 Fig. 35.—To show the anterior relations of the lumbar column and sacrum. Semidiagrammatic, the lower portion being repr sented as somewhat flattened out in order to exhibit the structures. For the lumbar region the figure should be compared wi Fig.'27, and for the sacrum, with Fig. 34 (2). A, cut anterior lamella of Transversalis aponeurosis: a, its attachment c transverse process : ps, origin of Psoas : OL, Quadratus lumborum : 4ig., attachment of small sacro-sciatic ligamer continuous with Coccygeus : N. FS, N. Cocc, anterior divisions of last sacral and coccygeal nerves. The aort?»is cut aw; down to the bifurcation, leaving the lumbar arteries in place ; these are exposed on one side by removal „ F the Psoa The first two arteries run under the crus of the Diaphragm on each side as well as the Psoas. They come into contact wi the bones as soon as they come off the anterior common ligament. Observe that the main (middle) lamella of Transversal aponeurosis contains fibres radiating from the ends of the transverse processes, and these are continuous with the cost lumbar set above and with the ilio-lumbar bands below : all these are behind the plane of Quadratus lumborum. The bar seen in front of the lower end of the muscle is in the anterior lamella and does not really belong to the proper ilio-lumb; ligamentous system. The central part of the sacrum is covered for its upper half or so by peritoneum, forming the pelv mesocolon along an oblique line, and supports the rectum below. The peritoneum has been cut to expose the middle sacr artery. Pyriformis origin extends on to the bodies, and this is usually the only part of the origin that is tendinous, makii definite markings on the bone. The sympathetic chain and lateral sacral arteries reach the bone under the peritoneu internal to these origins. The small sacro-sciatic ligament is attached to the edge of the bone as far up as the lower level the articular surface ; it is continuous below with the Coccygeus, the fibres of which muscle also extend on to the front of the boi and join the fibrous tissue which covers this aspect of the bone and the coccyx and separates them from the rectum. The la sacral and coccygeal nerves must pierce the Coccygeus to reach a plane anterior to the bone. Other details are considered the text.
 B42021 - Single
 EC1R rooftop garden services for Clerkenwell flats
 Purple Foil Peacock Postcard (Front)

--

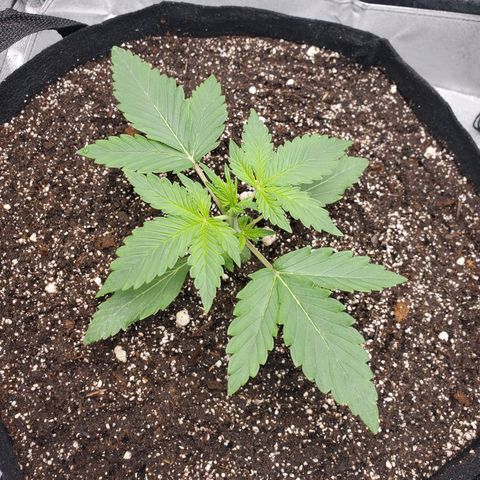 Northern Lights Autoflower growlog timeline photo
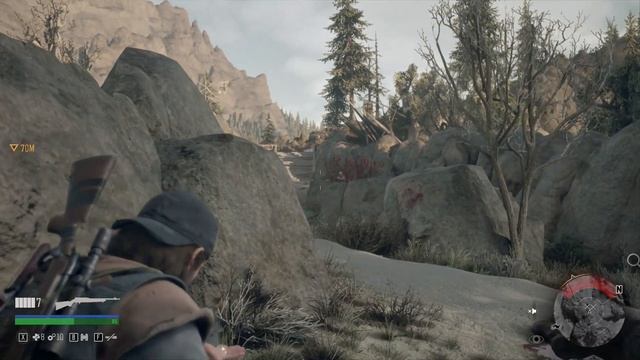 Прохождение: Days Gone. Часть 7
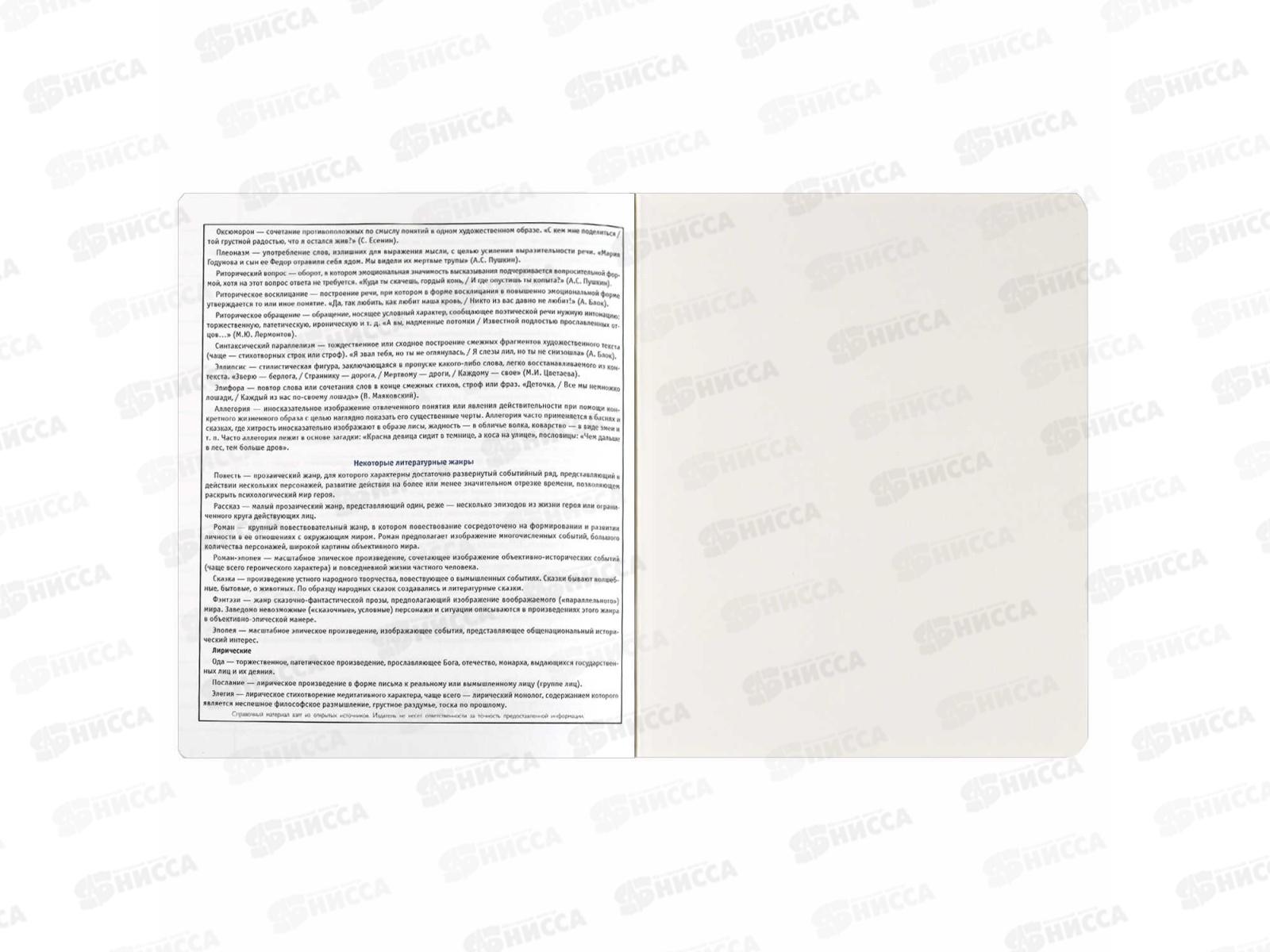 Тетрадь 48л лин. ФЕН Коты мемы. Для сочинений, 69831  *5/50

--

Copy the lines above exactly, starting at the one with "Прохождение: Days Gone. Часть 7" and ending at the one with "Тетрадь 48л лин.", both included. Leave out any pictures and add nothing else.

 Прохождение: Days Gone. Часть 7
 Тетрадь 48л лин. ФЕН Коты мемы. Для сочинений, 69831  *5/50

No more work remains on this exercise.